Guidelines for using snapshot diff-based replication
By default, Replication Manager uses snapshot differences ("diff") to improve performance by comparing HDFS snapshots and only replicating the files that are changed in the source directory. While Hive metadata requires a full replication, the data stored in Hive tables can take advantage of snapshot diff-based replication.
After every replication, the Replication Manager retains a snapshot on the source cluster. Using the snapshot copy on the source cluster, Replication Manager performs incremental backup for the next replication cycle.
- Source and target clusters are managed by Cloudera Manager 5.15 and higher.
- The source cluster must be managed by Cloudera Manager 5.15.0 or higher when the destination is Amazon S3 or Microsoft ADLS.
- Source and target CDH versions are 5.13.3 or higher, 5.14.2 or higher, and 5.15 or higher.
You must follow the below guidelines to use snapshot diff-based replication efficiently in replication policies:
- The source and target clusters must be managed by Cloudera Manager 5.15.0 or higher.
- The source and target clusters must run CDH version 5.15.0 or higher, 5.14.2 or higher, or 5.13.3 or higher.
- The HDFS snapshots must be immutable.
- The snapshot root directory must be set as low in the hierarchy as possible.
- To run the job, the user must be a super user or the owner of the snapshottable root. This is because the run-as-user (specified in the replication policy) must have the required permissions to list the snapshots.
- The paths from both source and destination clusters in the replication policy must be present under a snapshottable root, or must be snapshottable.
- All the HDFS paths for the tables in a database must be snapshottable or
under a snapshottable root for a Hive replication policy to replicate the database
For example, if the database being replicated has external tables, all the external table HDFS data locations should be snapshottable. This is because if the external table locations are not snapshottable, Replication Manager does not generate a diff report. The Replication Manager needs a diff report to use the snapshot diff feature.
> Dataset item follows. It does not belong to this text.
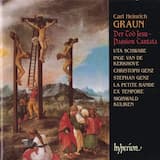 Der Tod Jesu: Aria. Ein Gebeth um neue Stärke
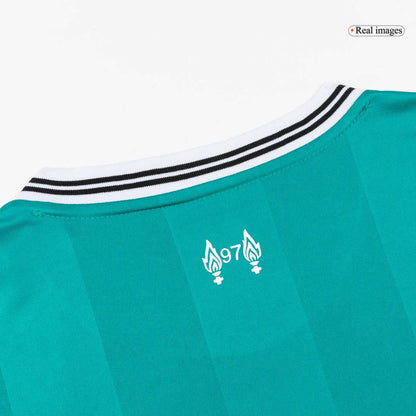 Liverpool 2025/26 Kolmas Pelipaita Miesten ISAK #9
- What do I do when snapshot diff-based replication fails because an encrypted subdirectory exists in the source data?
- To resolve this issue, create an exclusion regex in the replication policy to exclude the subdirectory during replication. Create another replication policy to replicate the encrypted subdirectory.
- During what circumstances does the Replication Manager initiate a complete data replication?
- Replication Manager initiates a complete replication for the following
- When you do not choose Abort on Snapshot Diff
Failures (when you create a replication policy in
Replication Manager) and errors appear during the replication
In this case, the Replication Manager continues to replicate and performs a complete replication after it encounters an error.
- When one or more of the following parameters that you set
in the replication policy changes:
- Delete Policy
- Preserve Policy
- Target Path
- Exclusion Path.
- When a change in the target directories is detected.
Replication Manager ensures that the next HDFS snapshot replication is a complete replication.
- When you do not choose Abort on Snapshot Diff Failures (when you create a replication policy in Replication Manager) and errors appear during the replication process.